Report Summarizer condenses long documents — quarterly reports, research papers, meeting transcripts, audit findings — into concise summaries with key takeaways, extracted metrics, and flagged risks or opportunities. You choose the depth and focus, and the agent does the reading for you.
It's designed for anyone who regularly receives dense documents and needs to extract what matters quickly, without losing important nuance. Rather than producing a generic abstract, Report Summarizer structures its output around the decisions and insights you actually need to act on.
How to Use Report Summarizer
Getting Started
- Click Report Summarizer in the sidebar.
- Paste the text of the report directly into the chat, or upload a document (PDF or DOCX).
- Optionally, specify the summary depth and any particular aspects you want highlighted (e.g., "focus on financial risks" or "give me an executive summary").
- The agent will return a structured summary with key takeaways, metrics, and flagged items.
Navigation
Report Summarizer is found in the sidebar under Agents. You can paste content directly into the chat input or use the upload button to attach a document. After receiving a summary, you can continue the conversation to drill into specific sections, ask clarifying questions, or request a different summary format.
Key Features
Summarization Options
- Multi-document summarization — Summarize several related documents at once and get a consolidated view that identifies common themes and contradictions across sources.
- Configurable depth — Choose between executive summary (2–3 paragraphs), detailed summary (section-by-section), or technical summary (preserving domain-specific terminology and data).
Analysis and Extraction
- Key metrics extraction — Automatically identifies and surfaces numbers, percentages, dates, and KPIs scattered throughout the document so they're visible at a glance rather than buried in paragraphs.
- Risk and opportunity flagging — Highlights language that signals potential risks, blockers, or opportunities so they don't get buried in the body text.
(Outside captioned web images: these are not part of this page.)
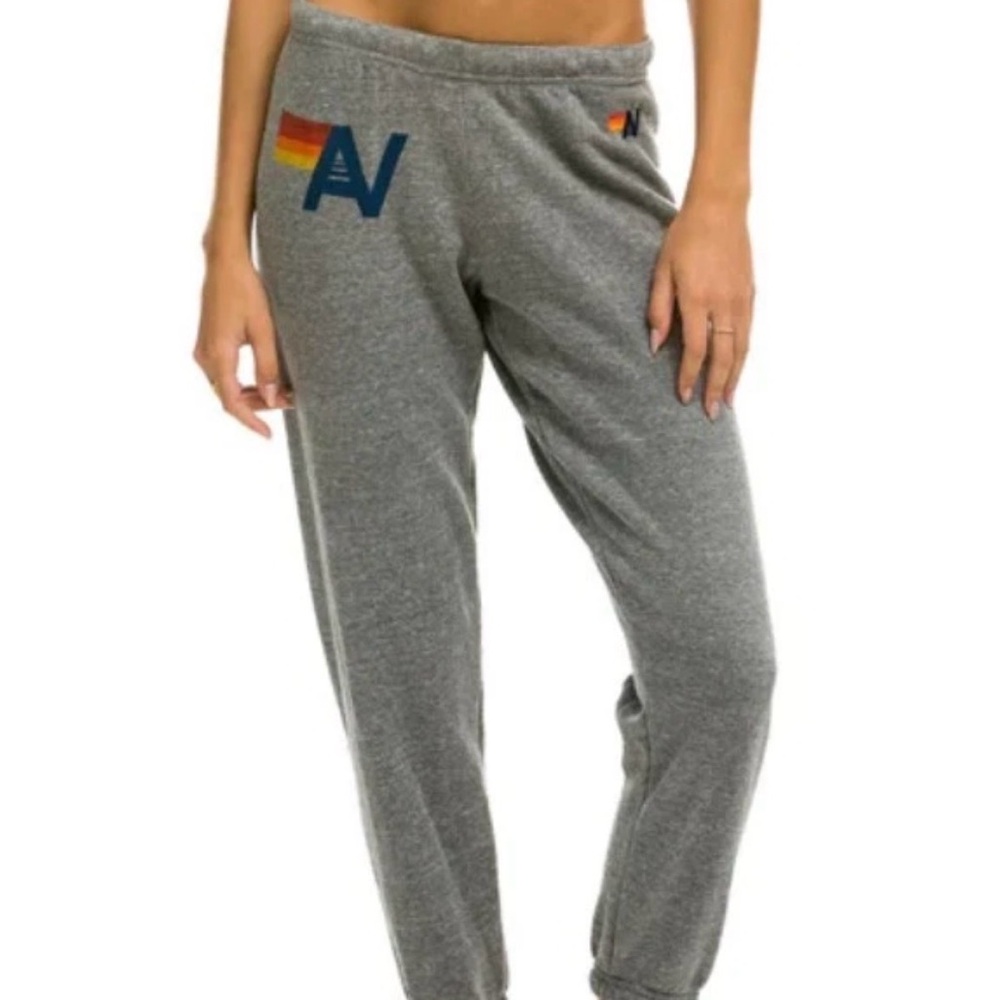 AVIATOR NATION LAGUNA BEACH SWEATPANTS - HEATHER GREY WOMENS SIZE XS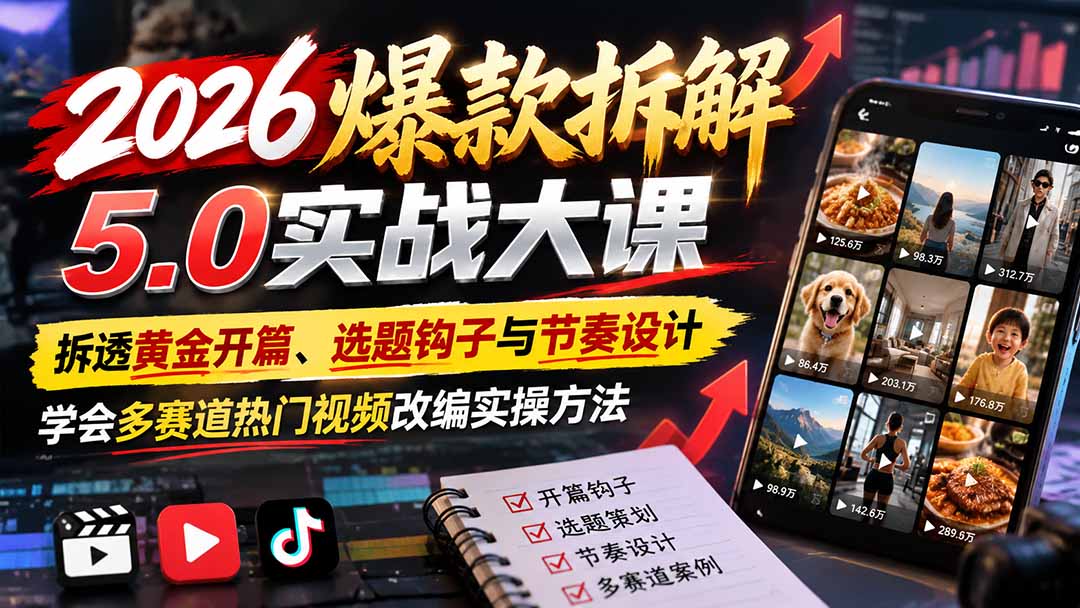 2026爆款拆解5.0实战大课：拆透黄金开篇、选题钩子与节奏设计，学会多赛道热门视频改编实操方法-爱搭资源网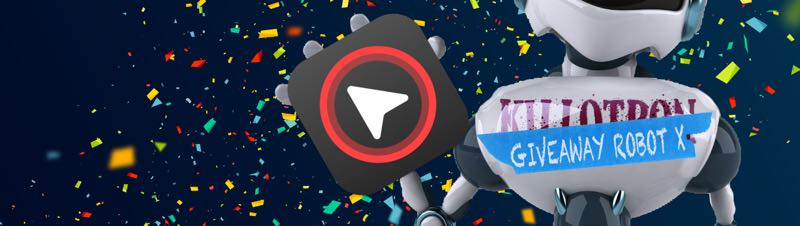 Giveaway Robot with Mouse Pro icon, confetti background
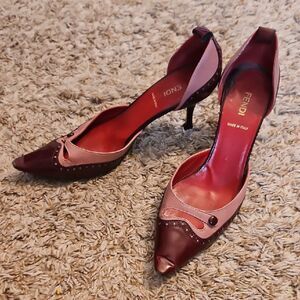 Fendi PROJECT Two-Tone Leather Heels – Burgundy & Blush Size 36.5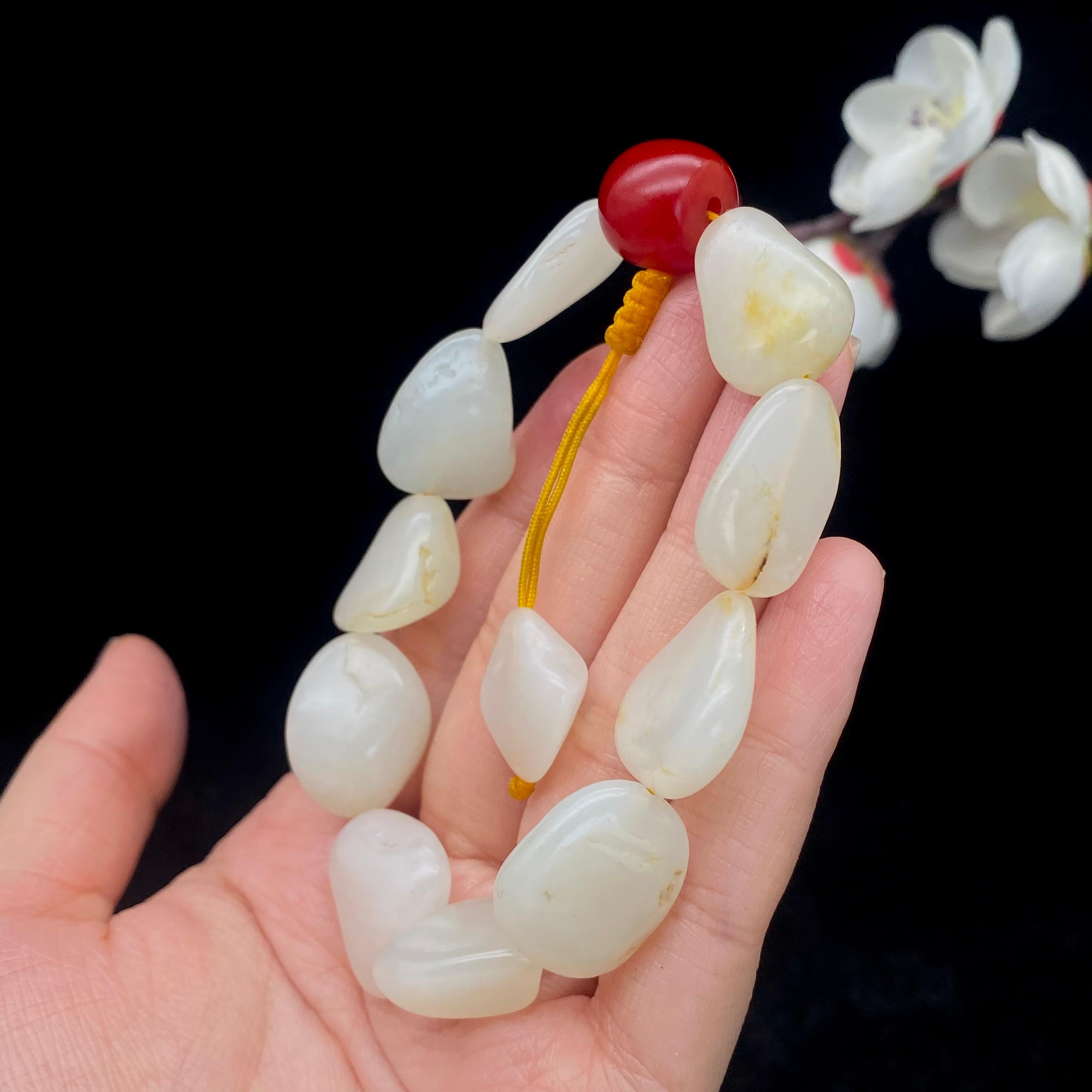 和田玉白玉籽料【精品手串】（45.1g）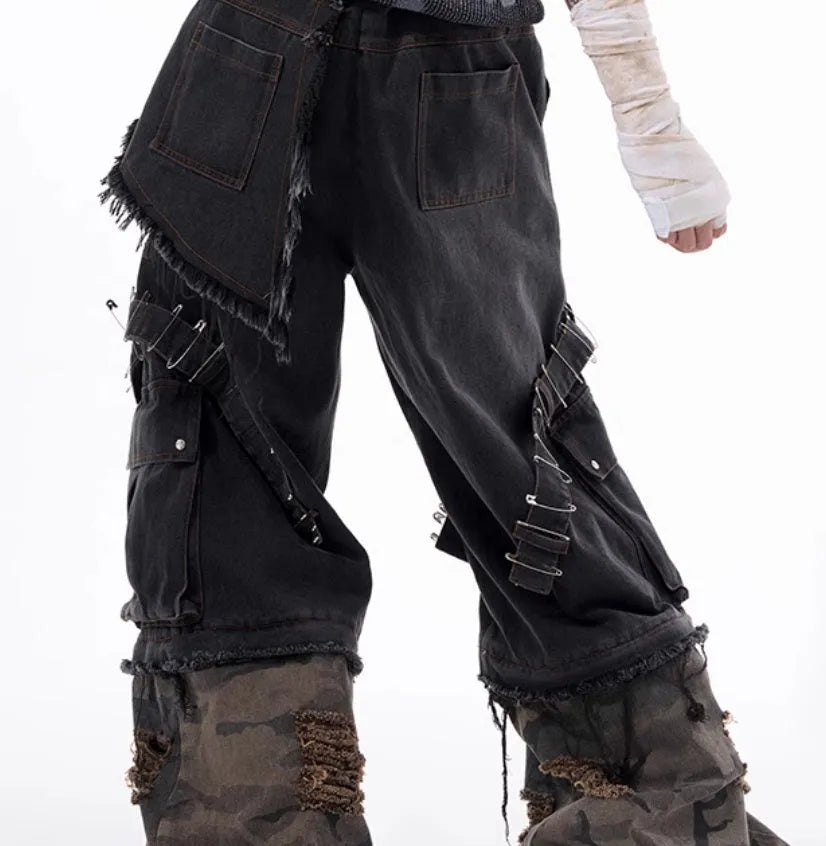 Men's grey camouflage jeans with structural splicing and pin/ribbon details on cotton denim fabric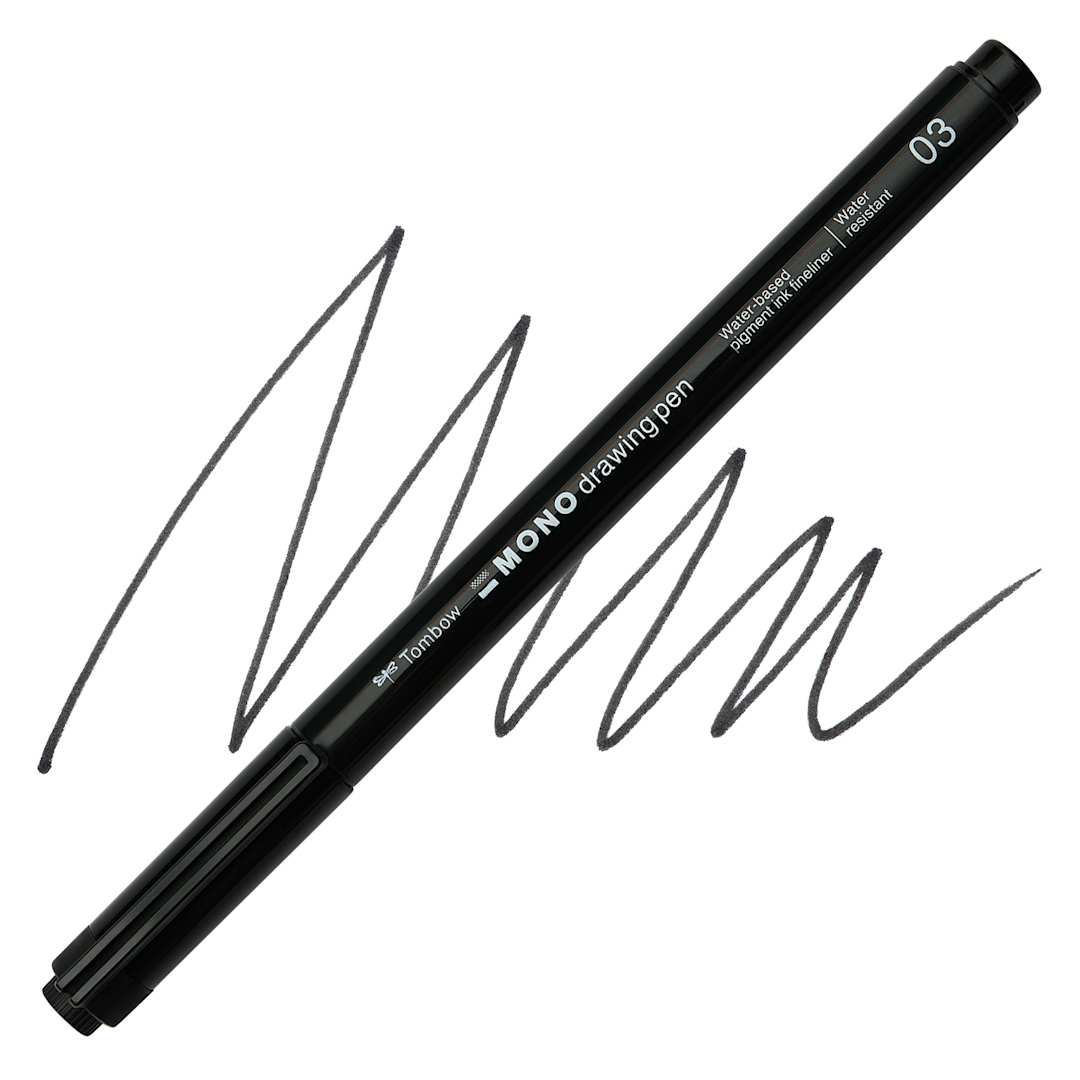 Open in modal - Tombow Mono Drawing Pen - Black, 03, swatch and pen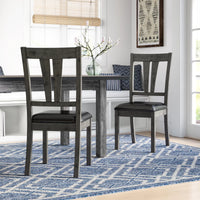 Katarina Slat Back Side Chair in Grey Oak (Set of 2)
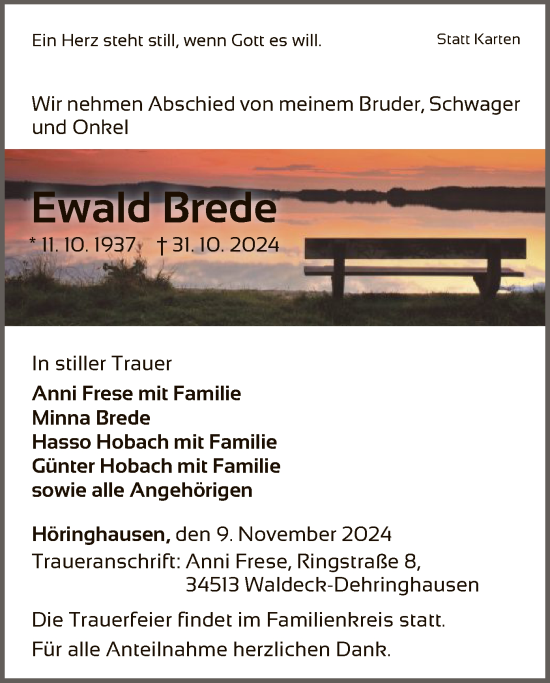 Traueranzeige von Ewald Brede von WLZ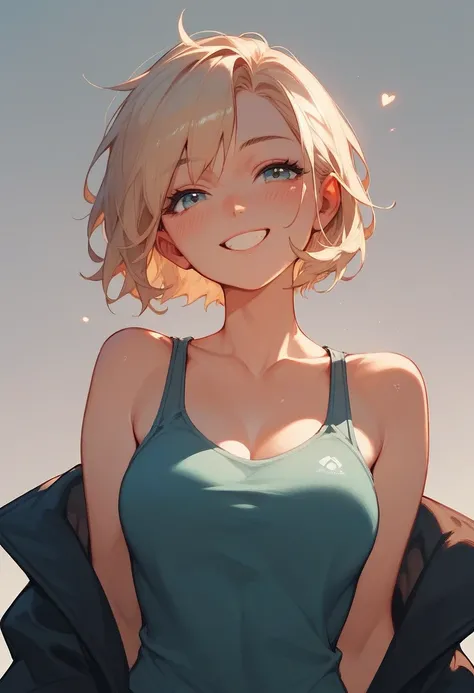 tank top blush，smile，woman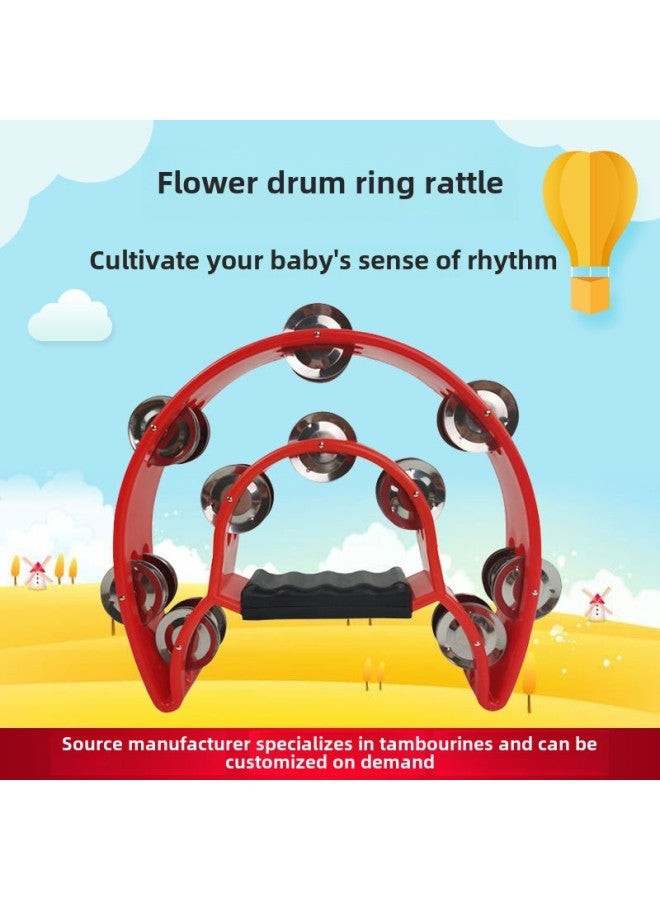 Flower Drum Ring Rattle Orff Percussion Hand Rattle Children's Musical Instruments Music Early Education Musical Instruments-Color:Green - Image 2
Flagged items are listed separately for easy review.
Example Use Cases
Common Scenarios
- Summarize a 200-page annual report to 2 pages before a board presentation or investor call.
- Weekly project digests by pasting status updates from multiple teams and getting a single summary for leadership.
Advanced Scenarios
- Extract research findings from academic papers or industry reports without reading every section.
- Board-ready summaries that combine narrative, metrics, and risk flags in a format executives can act on immediately without needing to read the source document.
Tips for Best Results
Getting Better Output
- Specify your desired summary length. Saying "give me a 3-paragraph executive summary" or "summarize each section in one sentence" produces more useful output than leaving it open-ended.
- Mention what aspects to focus on. If a financial report contains both operational and strategic sections and you only care about the strategic outlook, say so. The agent will prioritize accordingly.
- For long documents, you can ask follow-up questions after the initial summary to drill into specific sections or get more detail on a particular finding.
Common Mistakes to Avoid
- Avoid asking for a summary without specifying the audience or purpose — an executive summary and a technical summary for an engineering team are very different documents.
- Don't treat the first summary as final when the document is long. Ask the agent to expand on any section that seems thin or where important context might have been compressed away.